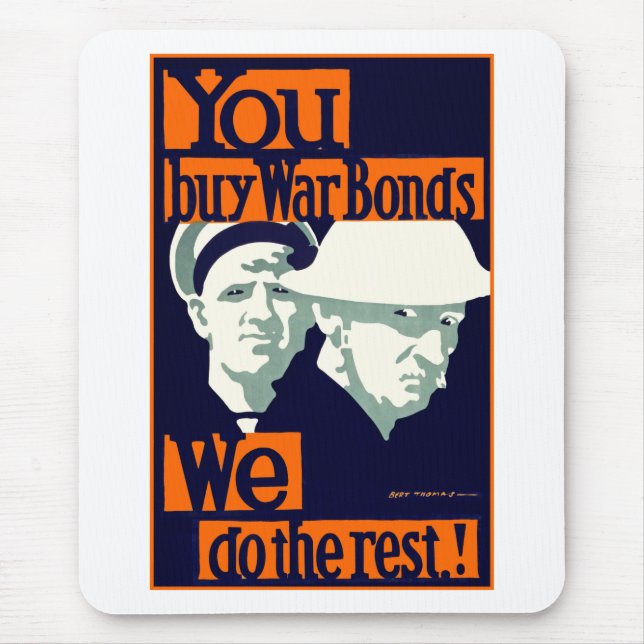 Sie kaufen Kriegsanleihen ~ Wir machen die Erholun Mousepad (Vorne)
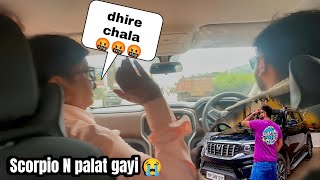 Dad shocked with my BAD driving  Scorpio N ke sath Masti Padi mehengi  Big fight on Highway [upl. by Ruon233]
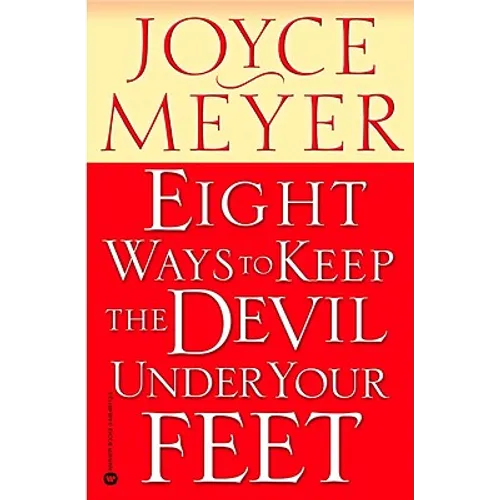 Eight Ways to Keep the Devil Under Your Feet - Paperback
********************
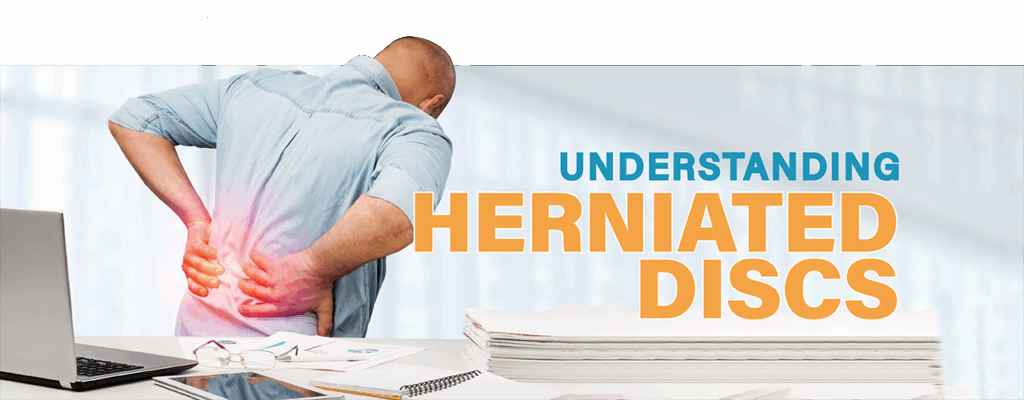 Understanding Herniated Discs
********************
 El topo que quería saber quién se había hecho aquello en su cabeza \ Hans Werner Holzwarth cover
********************
• Assigned task:
What do the entries above read from the line containing "Dad shocked with" through the line containing "Eight Ways to"? Output those lines exactly, both ends included, with the pictures left out.

• Output for this exercise:
 Dad shocked with my BAD driving  Scorpio N ke sath Masti Padi mehengi  Big fight on Highway [upl. by Ruon233]
 Eight Ways to Keep the Devil Under Your Feet - Paperback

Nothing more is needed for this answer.